“No, he followed me after I left you to say that that paper you handed me was his.”

“The one Squires found? Well, why didn’t he say so when—”

“I asked him that and he said he was afraid the fellows would make fun of him.”

“And I guess they would have. Is the play really any good, Coach?”

“Tell you more in a day or two, after we’ve tried it out. It looks promising, though. I sat up with it until after midnight and I think we’ve got a pretty smooth-running play. By the way, get this back to Todd, will you? There’s some sort of a letter on the other side. Not valuable, probably, but he may want it. He left it on the table. I’m certain to forget it, myself.”

“Yes, sir.” Lowell accepted the folded sheet and dropped it in an inside pocket. “I’ll see him in math class. That all? Then I’ll beat it.”

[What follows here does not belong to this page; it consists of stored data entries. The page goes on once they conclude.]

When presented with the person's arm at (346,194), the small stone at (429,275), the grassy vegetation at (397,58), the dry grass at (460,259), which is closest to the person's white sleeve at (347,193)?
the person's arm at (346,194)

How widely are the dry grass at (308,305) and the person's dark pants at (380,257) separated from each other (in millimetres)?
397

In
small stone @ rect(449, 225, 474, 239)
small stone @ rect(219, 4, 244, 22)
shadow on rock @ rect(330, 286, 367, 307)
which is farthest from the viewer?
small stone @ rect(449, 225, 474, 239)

Jim went out for practice that afternoon determined to make good. He had thought a great deal about what Mr. Cade had said the evening before and as a result the task ahead of him seemed now vastly more important and much more worth-while. He had taken the coach’s praise with a generous pinch of salt, but it had encouraged him nevertheless. To-day he showed up a great deal better than he had at any time since his misunderstanding with Clem, and those who played opposite him on the second team had their hands more than full. Both he and Sam Tennyson were relieved before the last period of the scrimmage game was over and sent off behind the north stand by Mr. Cade.

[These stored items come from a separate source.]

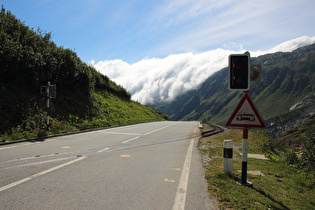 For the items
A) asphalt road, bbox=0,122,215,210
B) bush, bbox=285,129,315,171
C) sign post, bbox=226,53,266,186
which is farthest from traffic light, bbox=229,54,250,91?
bush, bbox=285,129,315,171

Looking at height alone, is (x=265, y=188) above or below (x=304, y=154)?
below

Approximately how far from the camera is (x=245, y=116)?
16.2 feet

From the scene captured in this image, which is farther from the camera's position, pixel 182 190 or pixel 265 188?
pixel 265 188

“I want you fellows to take a ball,” said the coach, “and practice some long passes. Start in at about twenty yards and increase the distance gradually. I want you, Tennyson, to get the overhand spiral throw down pat. You know how it should be made. Go ahead and learn to make it. Take plenty of time and try for accuracy and precision first. Speed and distance can come later. You, Todd, practice catching. I’ve seen you make several very good catches of a passed ball. See if you can’t do still better. Learn to take them high and make them sure. Put in about twenty minutes of it, but quit before that if your arms get tired. Go ahead.”

Sam Tennyson, who was a tall and fairly heavy youth with light-brown hair and a pair of sharp dark eyes, accompanied Jim in silence after he had obtained a ball. The full-back was a quiet chap at best, and just now he had less to say than usual. About all he did say as they made their way around the empty stand was: “Something up, Slim. Johnny’s got a hunch.”

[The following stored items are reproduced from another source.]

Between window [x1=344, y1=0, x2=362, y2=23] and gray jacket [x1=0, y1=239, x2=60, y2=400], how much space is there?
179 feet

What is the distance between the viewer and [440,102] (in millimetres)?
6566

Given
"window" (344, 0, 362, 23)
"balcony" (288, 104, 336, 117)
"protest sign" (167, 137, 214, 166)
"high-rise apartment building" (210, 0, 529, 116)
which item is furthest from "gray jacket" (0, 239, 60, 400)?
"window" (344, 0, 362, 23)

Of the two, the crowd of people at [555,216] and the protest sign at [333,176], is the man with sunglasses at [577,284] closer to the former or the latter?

Wednesday again the pair went through the passing practice and spent nearly a half-hour at it this time. Tennyson, who had not been called on before for the trick, progressed more slowly than did Jim. He got along well enough until he tried to speed the throw. Then the ball’s flight became erratic and Jim had to run three, four or five yards out of position to get it. But Tennyson had a long arm and plenty of strength and, throwing slowly, could make the oval travel a remarkable distance. The work went on each day, sometimes before scrimmage, sometimes after. On Friday, since there was only one scrimmage period, and the first-string players were dismissed a half-hour earlier than usual, Mr. Cade himself took Jim and Sam Tennyson in charge, leaving the argument between the substitutes and the second to Mr. Lake and Mr. Myers. When he had watched two throws he stopped the performance and coached Sam in holding the ball and in spinning it as it was shot away. “Now,” he said, “go back another five yards, Todd. What do you make that distance?”